Criminal Law Overview

Criminal Law Overview

Most of the serious crimes committed in the United States and elsewhere are committed while the suspect is under the influence of alcohol or of a drug.  Until recently in California, fully one-third of the population of our state prisons is in custody serving 90-day parole violations for testing dirty for illegal substances while on parole.  Most of the people serving time in our jails and prisons are there for committing drug and drug-related offenses.

At the same time, in studies conducted in prisons and published by child advocates, it is reported that 65% of the men in prison admit on their intake interviews to having been molested as a child.  The statistics for women in prison who were molested as children is staggering.  Child advocates report that in America one in three girls is molested before age 9, while one in four boys is molested before age 14.  This awful truth has been known, yet little has been done to break the cycle of abuse.

The correlation between child molest and substance abuse is complex and little studied.  However, it is not difficult to understand how a child who is molested, most often by an adult in a position of relative authority to that child, will grow up with a lack of understanding of boundaries and a lack of respect for authority.  This child is further handicapped by shame and lack of self-esteem which can easily lead to a cycle of substance abuse as a form of self-medication.  The substance abuse can lead to a secondary wave of abuse by the perpetrator, who further berates the child as a “worthless addict or alcoholic.”
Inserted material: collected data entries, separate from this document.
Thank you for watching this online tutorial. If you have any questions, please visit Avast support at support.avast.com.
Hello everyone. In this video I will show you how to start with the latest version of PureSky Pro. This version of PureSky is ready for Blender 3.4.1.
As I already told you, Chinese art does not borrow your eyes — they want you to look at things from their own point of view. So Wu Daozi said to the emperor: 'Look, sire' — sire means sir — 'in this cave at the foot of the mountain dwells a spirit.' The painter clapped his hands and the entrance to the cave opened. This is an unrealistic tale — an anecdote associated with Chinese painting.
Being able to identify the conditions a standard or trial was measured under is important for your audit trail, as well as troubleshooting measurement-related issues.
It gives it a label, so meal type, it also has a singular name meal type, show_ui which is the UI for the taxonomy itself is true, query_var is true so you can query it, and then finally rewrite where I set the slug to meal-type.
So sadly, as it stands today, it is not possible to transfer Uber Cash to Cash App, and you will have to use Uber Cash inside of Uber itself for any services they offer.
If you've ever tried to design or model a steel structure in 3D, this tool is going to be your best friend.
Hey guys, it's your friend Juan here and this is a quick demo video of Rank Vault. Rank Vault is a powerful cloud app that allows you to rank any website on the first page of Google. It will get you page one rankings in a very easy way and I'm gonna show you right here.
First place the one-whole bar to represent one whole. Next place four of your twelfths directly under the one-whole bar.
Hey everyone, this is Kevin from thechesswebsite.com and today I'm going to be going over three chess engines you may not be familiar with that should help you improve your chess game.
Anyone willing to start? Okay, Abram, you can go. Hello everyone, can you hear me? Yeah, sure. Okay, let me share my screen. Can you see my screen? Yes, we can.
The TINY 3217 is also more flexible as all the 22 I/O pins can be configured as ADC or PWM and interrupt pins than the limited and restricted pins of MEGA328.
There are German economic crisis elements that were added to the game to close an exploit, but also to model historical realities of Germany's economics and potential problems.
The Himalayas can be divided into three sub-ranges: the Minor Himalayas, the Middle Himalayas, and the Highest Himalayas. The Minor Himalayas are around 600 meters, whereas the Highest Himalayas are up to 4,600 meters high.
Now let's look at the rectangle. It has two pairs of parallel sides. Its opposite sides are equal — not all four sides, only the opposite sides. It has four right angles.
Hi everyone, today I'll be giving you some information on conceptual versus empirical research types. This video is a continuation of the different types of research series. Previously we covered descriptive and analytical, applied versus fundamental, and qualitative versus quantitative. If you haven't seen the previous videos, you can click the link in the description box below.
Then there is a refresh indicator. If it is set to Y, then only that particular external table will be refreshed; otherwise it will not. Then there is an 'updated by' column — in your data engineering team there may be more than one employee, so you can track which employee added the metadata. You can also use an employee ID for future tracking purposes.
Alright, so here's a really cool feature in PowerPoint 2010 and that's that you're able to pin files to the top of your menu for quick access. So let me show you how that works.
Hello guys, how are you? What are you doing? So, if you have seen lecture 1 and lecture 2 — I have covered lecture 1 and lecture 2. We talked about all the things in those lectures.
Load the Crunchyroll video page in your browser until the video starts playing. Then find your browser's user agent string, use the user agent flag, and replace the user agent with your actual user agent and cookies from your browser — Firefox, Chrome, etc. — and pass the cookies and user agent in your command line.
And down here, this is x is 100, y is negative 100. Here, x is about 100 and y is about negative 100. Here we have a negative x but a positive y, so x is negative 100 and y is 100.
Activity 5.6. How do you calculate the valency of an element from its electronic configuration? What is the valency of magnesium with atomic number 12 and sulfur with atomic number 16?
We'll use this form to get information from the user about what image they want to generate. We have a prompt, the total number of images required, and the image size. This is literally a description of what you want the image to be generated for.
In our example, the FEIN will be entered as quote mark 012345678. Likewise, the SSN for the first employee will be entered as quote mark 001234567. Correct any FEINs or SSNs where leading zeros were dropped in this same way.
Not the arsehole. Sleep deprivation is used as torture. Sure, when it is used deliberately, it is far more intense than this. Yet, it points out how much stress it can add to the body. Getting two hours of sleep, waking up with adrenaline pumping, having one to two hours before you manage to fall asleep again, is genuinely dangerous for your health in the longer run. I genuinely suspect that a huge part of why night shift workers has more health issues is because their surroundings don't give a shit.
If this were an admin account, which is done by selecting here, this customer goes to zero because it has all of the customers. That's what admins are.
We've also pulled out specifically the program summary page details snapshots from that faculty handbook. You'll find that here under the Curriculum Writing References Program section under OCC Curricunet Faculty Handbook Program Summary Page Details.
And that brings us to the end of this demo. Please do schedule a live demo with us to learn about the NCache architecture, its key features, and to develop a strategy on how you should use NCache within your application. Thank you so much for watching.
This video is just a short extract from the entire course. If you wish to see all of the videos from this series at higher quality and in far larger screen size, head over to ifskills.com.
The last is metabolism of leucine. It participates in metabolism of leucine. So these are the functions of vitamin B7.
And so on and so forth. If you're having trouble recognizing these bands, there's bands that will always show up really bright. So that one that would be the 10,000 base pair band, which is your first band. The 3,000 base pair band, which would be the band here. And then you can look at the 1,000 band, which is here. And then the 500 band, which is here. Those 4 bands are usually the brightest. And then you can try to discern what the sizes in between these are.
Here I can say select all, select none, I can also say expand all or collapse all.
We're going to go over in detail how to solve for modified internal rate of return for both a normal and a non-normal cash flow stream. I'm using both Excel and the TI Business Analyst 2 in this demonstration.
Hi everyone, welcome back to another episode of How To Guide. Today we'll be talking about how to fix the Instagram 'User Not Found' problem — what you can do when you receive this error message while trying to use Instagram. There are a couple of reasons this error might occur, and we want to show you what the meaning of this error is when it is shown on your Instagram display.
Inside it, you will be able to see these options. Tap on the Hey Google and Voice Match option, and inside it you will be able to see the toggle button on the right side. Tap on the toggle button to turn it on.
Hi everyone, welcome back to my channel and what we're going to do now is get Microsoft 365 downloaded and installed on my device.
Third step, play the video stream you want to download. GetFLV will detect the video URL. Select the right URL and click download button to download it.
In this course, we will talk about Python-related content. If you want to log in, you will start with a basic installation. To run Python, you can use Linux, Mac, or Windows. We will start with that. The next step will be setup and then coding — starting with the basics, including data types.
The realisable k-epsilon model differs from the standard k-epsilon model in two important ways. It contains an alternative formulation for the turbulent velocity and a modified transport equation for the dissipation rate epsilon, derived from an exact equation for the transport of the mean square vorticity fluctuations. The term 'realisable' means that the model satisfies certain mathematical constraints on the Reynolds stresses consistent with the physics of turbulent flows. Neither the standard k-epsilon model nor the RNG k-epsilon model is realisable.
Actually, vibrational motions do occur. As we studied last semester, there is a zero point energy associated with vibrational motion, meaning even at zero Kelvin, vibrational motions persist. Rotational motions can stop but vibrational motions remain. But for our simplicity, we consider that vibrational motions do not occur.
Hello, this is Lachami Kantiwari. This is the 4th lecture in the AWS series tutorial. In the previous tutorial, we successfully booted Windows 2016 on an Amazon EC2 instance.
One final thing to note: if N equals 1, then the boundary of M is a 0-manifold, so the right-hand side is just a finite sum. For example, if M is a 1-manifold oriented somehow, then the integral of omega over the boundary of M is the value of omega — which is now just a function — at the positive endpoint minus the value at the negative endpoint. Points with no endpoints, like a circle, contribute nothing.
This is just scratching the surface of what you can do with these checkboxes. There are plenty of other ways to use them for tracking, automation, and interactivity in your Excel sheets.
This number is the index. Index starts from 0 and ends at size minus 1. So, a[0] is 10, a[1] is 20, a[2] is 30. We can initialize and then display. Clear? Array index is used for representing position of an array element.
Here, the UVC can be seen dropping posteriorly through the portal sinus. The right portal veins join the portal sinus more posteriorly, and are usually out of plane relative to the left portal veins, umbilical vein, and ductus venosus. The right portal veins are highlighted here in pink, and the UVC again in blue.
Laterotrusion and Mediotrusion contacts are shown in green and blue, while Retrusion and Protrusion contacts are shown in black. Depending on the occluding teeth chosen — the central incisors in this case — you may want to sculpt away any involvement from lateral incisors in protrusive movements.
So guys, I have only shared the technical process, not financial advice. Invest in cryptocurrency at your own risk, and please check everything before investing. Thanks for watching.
Although alcoholism and drug addiction have been recognized and treated as “a disease,” the correlation between alcoholism and drug addiction to child molest and abuse has not gone unnoticed.  For years, Alcoholics Anonymous and Narcotics Anonymous have recognized the need for addressing the underlying issues of the individual in their “fearless and searching moral inventory.”  But the issues are often so shameful and painful to the recovering alcoholic or addict that the issue is suppressed for years before they are addressed, if ever.

If alcoholism and drug addiction is indeed a genetic disease it should be treated aggressively under a medical disease model.  However, the cycle of child molest and abuse passed down from generation to generation, and sometimes skipping a generation, can look like a genetic disorder.  A child who grows up with a lack of a healthy understanding of boundaries can become a parent or aunt or uncle or grandparent visiting his or her disease upon the child of the next generation.

It is with this perspective on child abuse, alcoholism, drug addiction and crime that I advocate teaching lawyers and paralegal professionals criminal procedures from the perspective of the client.  I do not intend to imply that we should excuse people for the crimes that they commit.  Accepting that we are responsible for our own actions is the beginning of learning societal boundaries.  However, if we are ever to address the issues of crime and drug abuse in this country, we must open our eyes to see the relationship that they have to one another and to the problem of child abuse.

In order to break the cycle of crime, it is clear that we must address the issues of alcoholism and drug addiction in our society.  We can break the cycle of alcoholism and drug addiction by the rigorous pursuit of sobriety by a host of recovery modalities and education.  And to ensure a safer and healthier future for our children, we must develop education and methodology to address the root problem of child abuse.  Longer periods of incarceration and larger prisons will not protect us from this problem.